Regarding eBPF over netlink, the last time this was discussed, Tobias said
> - Why not use BPF?
>
> That could absolutely be one way forward, but the GENL approach was
> easy to build out-of-tree to prove the idea. Its not obvious how it
> would work though as BPF programs typically run async on some event
> (probe hit, packet received etc.) whereas this is a single execution
> on behalf of a user. So to what would the program be attached? The
> output path is also not straight forward, but it could be done with
> perf events i suppose.
I'm not familiar enough with eBPF to comment further.
--Sean
> Yes, and I should probably have commented on this in the commit message.

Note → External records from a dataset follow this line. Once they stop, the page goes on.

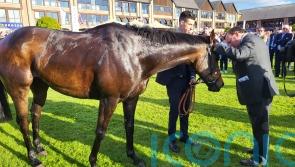 Henderson left to &lsquo;unravel the mystery&rsquo; with Constitution Hill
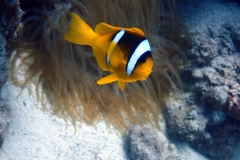 1748487389181-1812184695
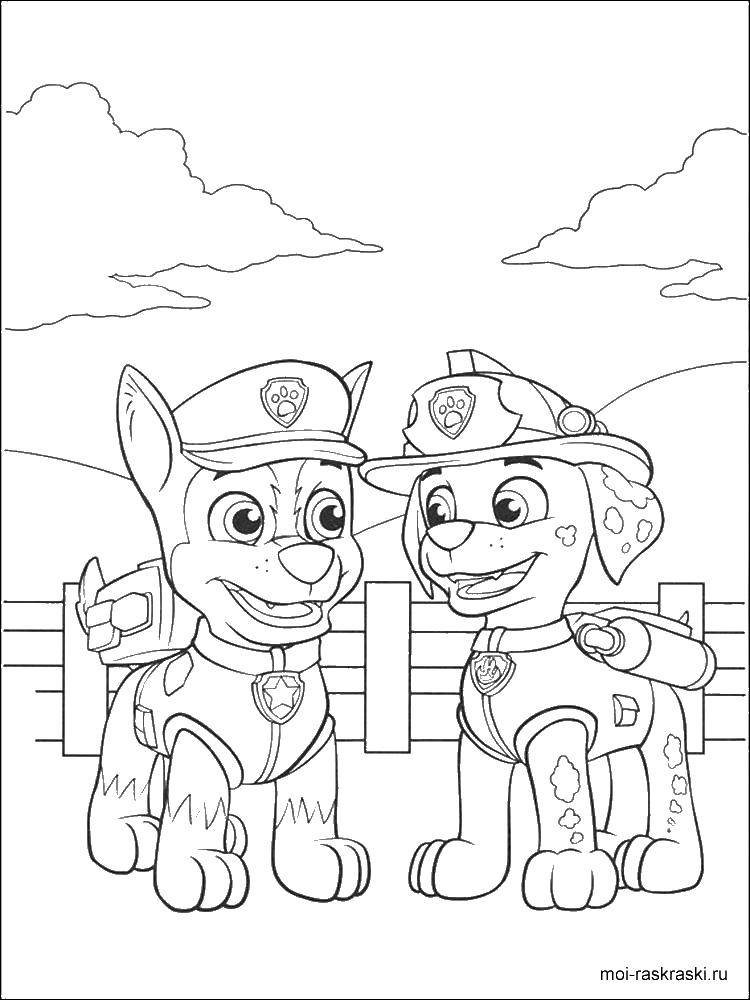 Название: Раскраска Чеиз и маршал. Категория: Персонажи из мультфильма. Теги: щенячий патруль.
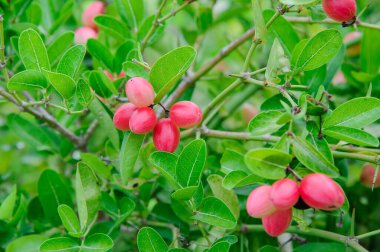 Thai 'nin bir sürü meyveli karanda ağaçları.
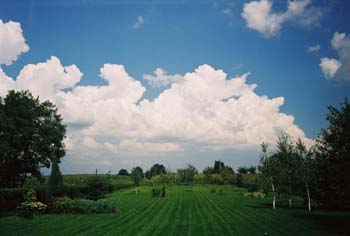 Felhok
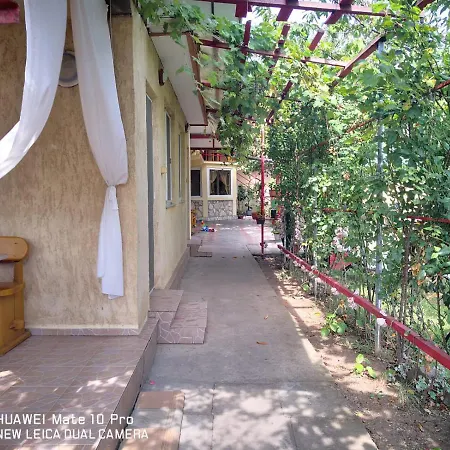 Casa de vacanta Alexoiu 2 Mai-3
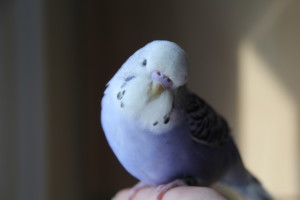 UNDER DEPOSIT for Rodica & Doina - cobalt violet opaline baby male hand-fed English Budgie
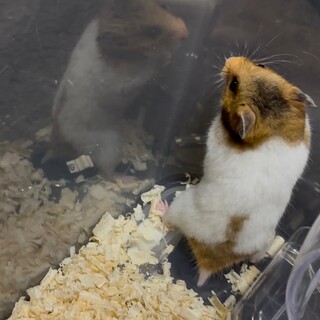 ハムスターメス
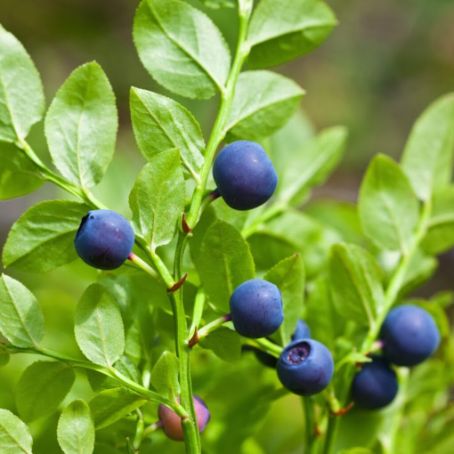 vaccinium myrtillus 3 - afinul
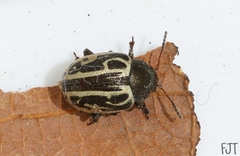 Zygogramma malvae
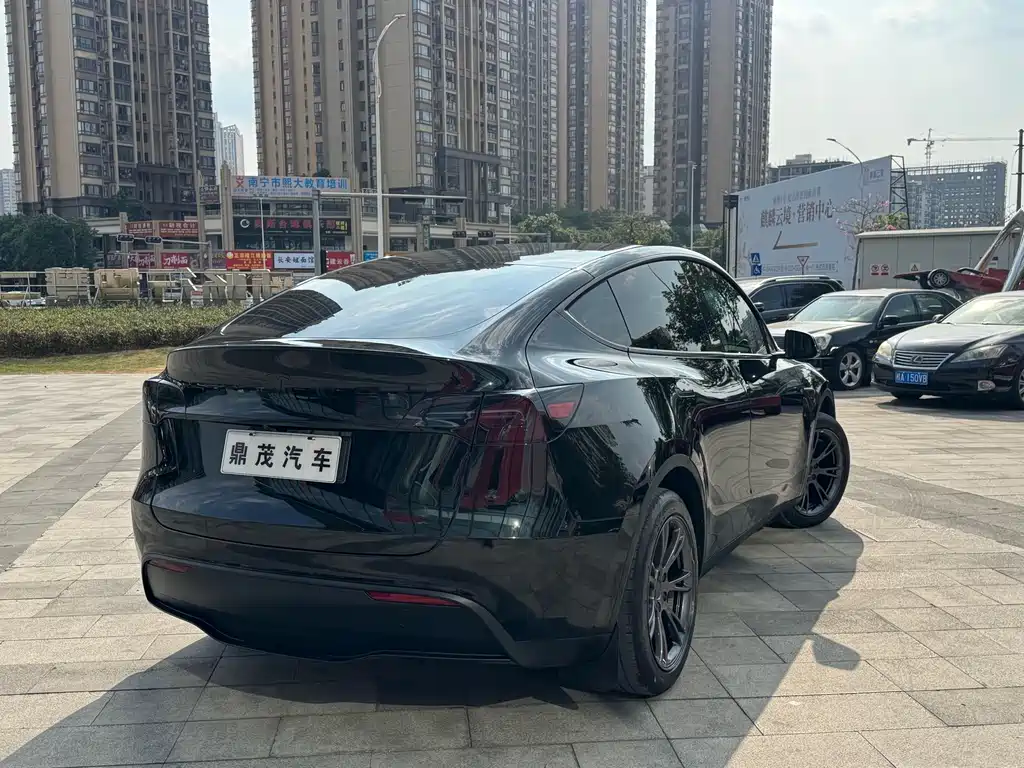 Tesla Model Y — миниатюра 7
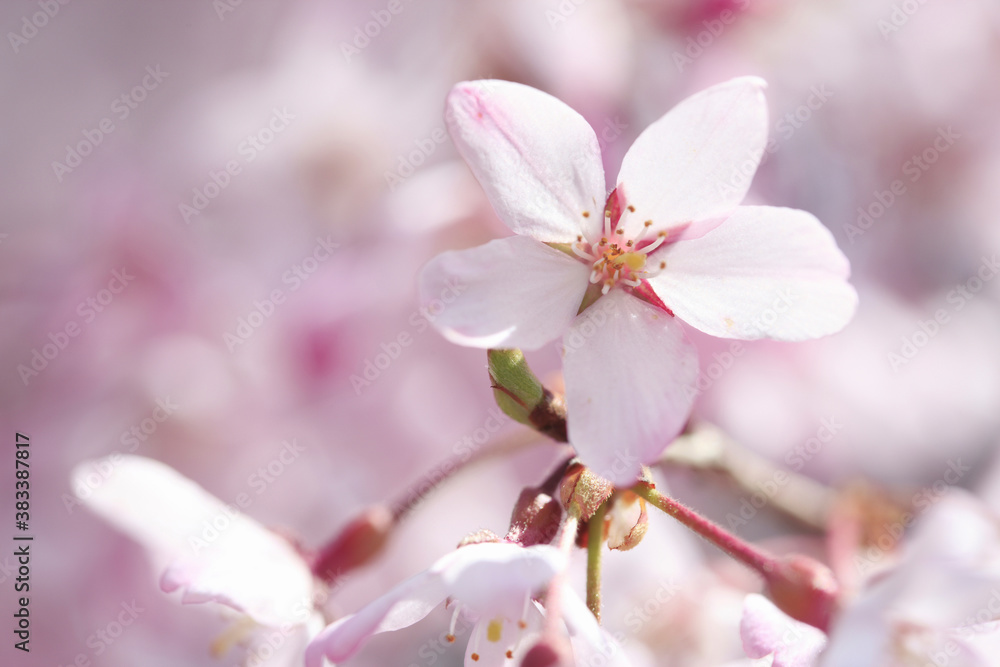 Obraz premium シダレザクラ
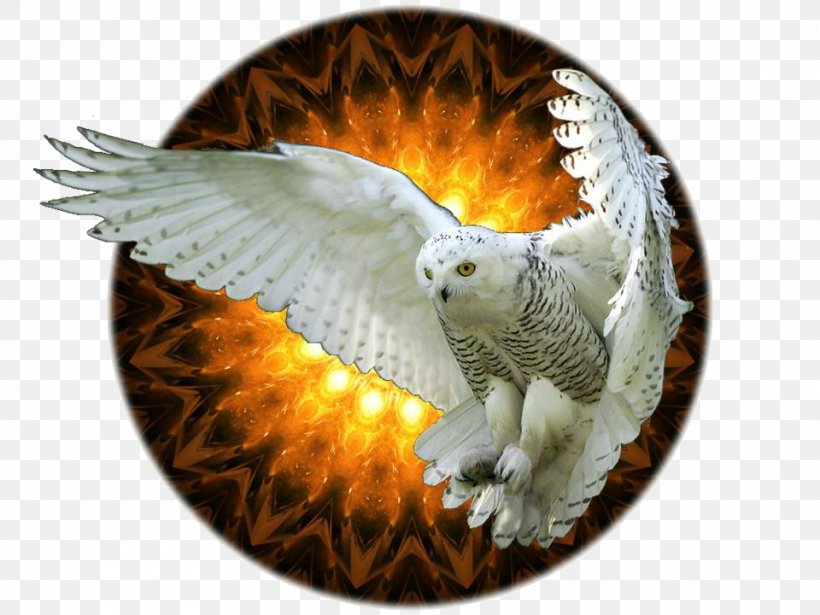 Owl Flight Beak Fauna Hut, PNG, 960x720px, Owl, Beak, Bird, Bird Of Prey, Eagle Download Free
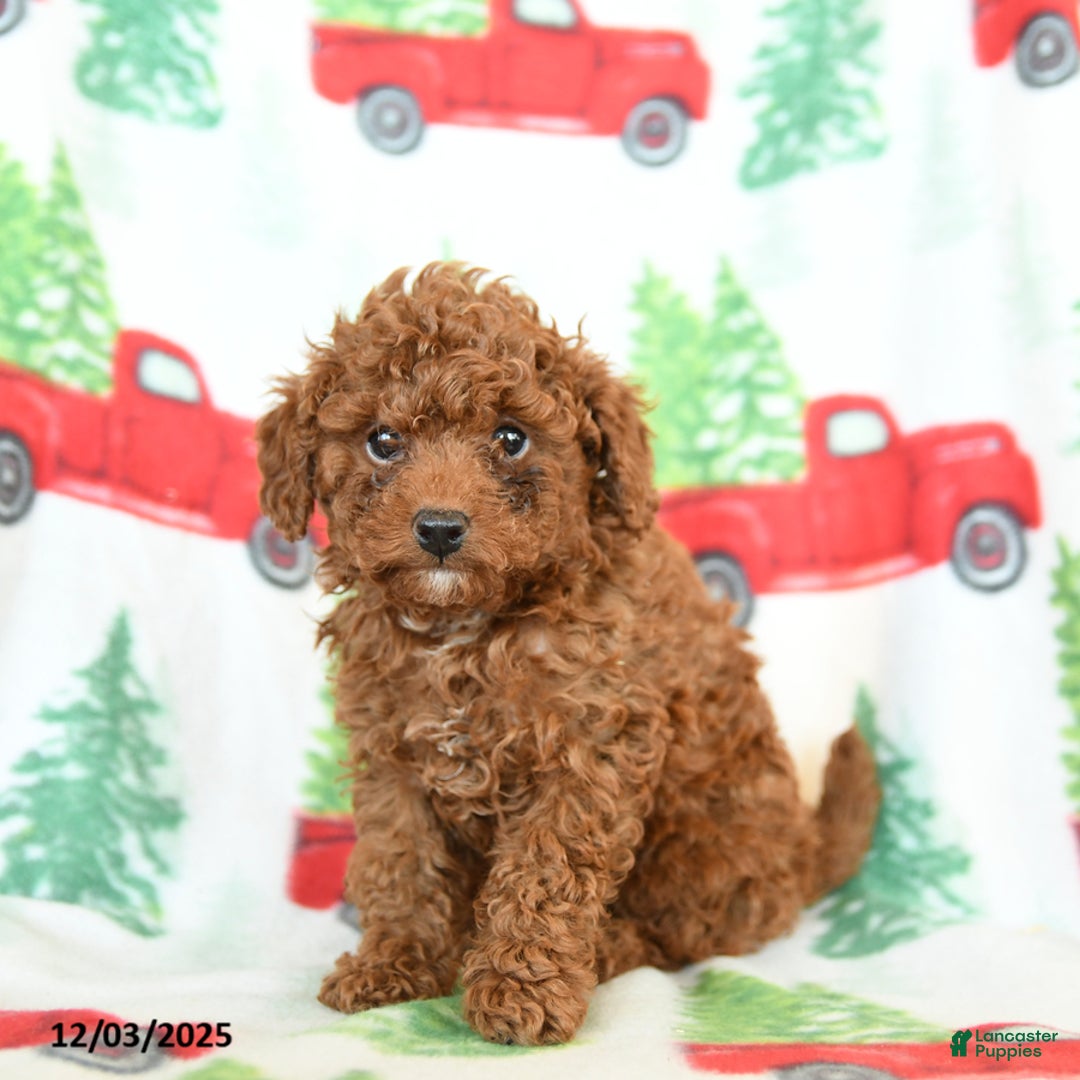 Toy Poodle dogs for sale: Redhead - Ad 2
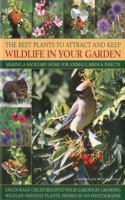 Best Plants to Attract and Keep Wildlife in Your Garden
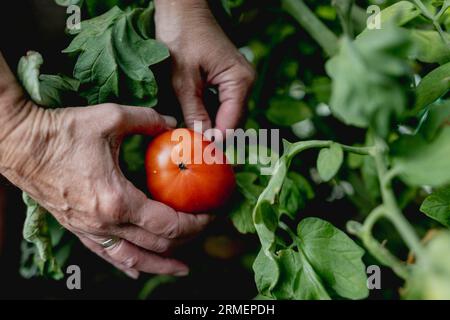 Vierkirchen, Deutschland. 18 août 2023. Image symbolique sur le thème du jardinage : une femme récolte des tomates mûres dans une serre à Vierkirchen, le 18 août 2023. Crédit : dpa/Alamy Live News Banque D'Images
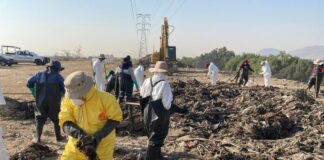 Hasta en panteones, la búsqueda de casi 87 mil desaparecidos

> IMO the things you listed are... iffy but unlikely to cause a
> malfunction.
You consider a missed interrupt not a malfunction?
> >> +
> >> + for (insn = xfer->prog, pc = 0;
> >> + pc < xfer->prog_len;
> >> + insn = &xfer->prog[++pc]) {
> >> + if (time_after(jiffies, timeout)) {
> >> + ret = -ETIMEDOUT;
> >> + break;
> >> + }
> >> +
> >> + switch ((enum mdio_nl_op)insn->op) {
> >> + case MDIO_NL_OP_READ:
> >> + phy_id = __arg_ri(insn->arg0, regs);
> >> + prtad = mdio_phy_id_prtad(phy_id);
> >> + devad = mdio_phy_id_devad(phy_id);
> >> + reg = __arg_ri(insn->arg1, regs);
> >> +
> >> + if (mdio_phy_id_is_c45(phy_id))
> >> + ret = __mdiobus_c45_read(xfer->mdio, prtad,
> >> + devad, reg);
> >> + else
> >> + ret = __mdiobus_read(xfer->mdio, phy_id, reg);
> >
> > The application should say if it want to do C22 or C45.
>
> The phy_id comes from the application. So it sets MDIO_PHY_ID_C45 if it wants
> to use C45.
Ah, i misunderstood what mdio_phy_id_is_c45() does.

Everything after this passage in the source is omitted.